» **Supplied records**:
· · · · · · ·
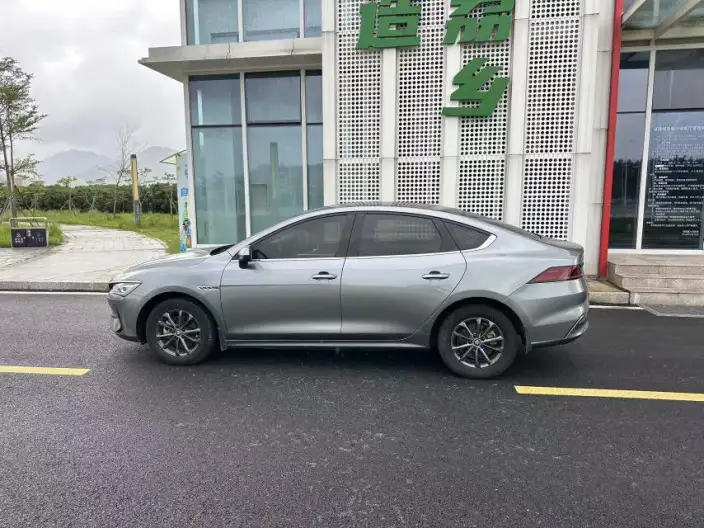 Qin Plus EV 2021 Model 400KM Lingchang Edition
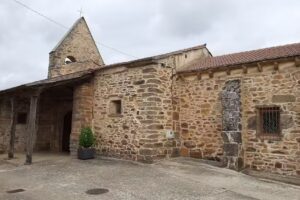 Iglesia De Santiago Apostol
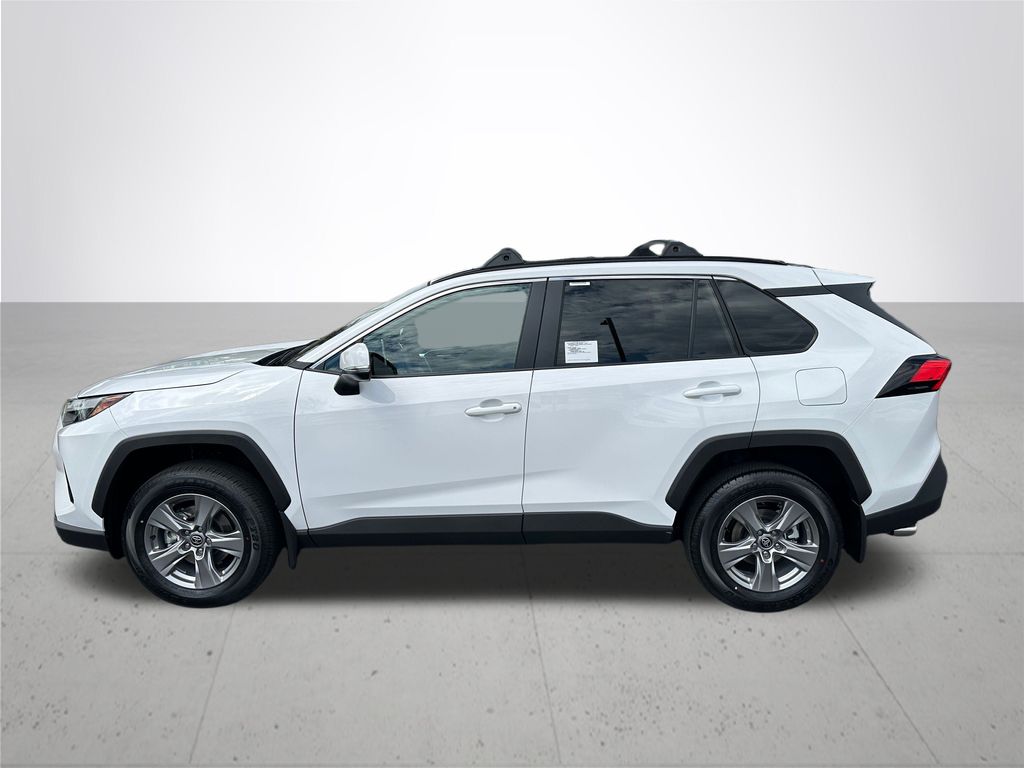 2025 Toyota RAV4 XLE photo 10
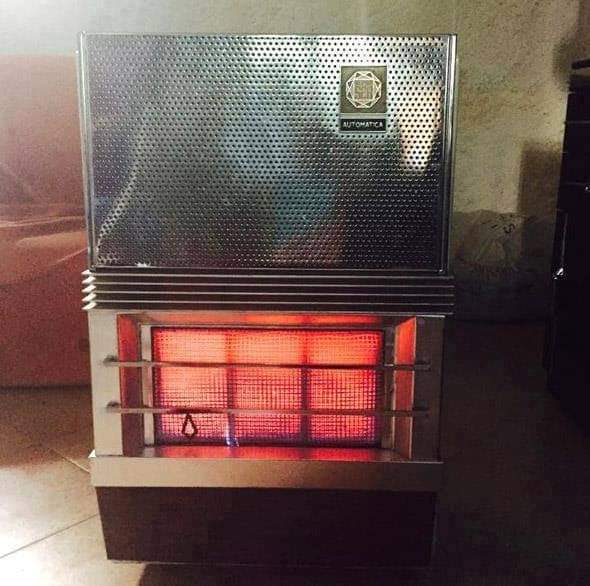 Estufa eléctrica con resistencias encendidas
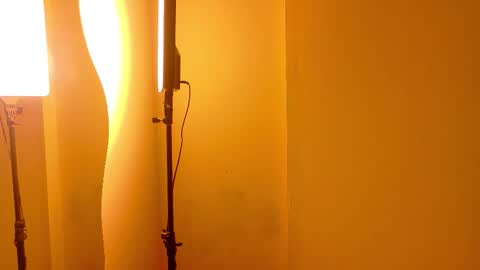  Alaia  online show from 12/15/25, 11:36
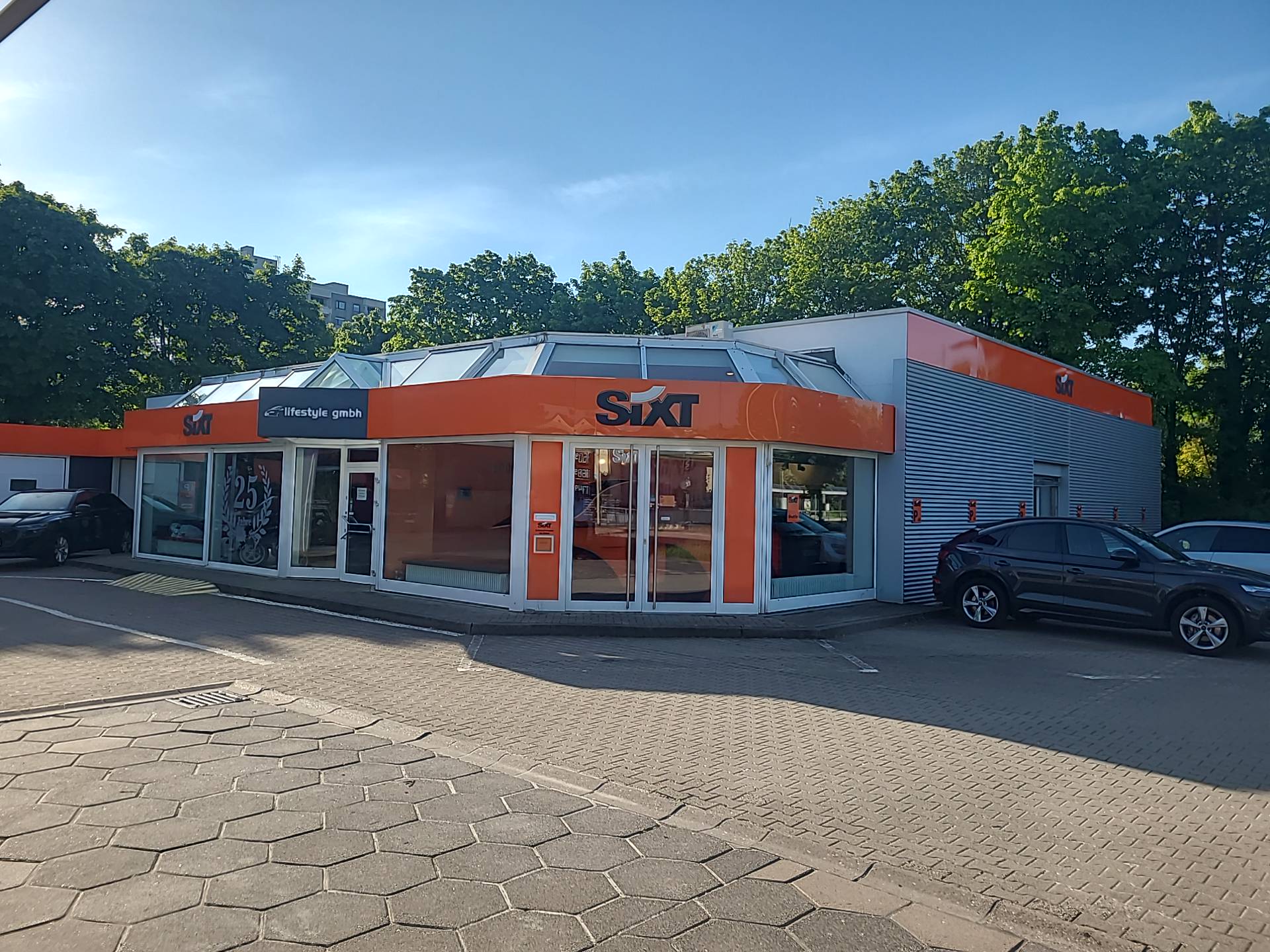 SIXT Autovermietung Karlsruhe Süd, Battstr. 2a in Karlsruhe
· · · · · · ·
» **Prompt**:
Set down word for word the lines beginning with the one containing "from 12/15/25, 11:36" and ending with the last line of the listing, inclusive. Omit every picture.

» **Answer area**:
  Alaia  online show from 12/15/25, 11:36
 SIXT Autovermietung Karlsruhe Süd, Battstr. 2a in Karlsruhe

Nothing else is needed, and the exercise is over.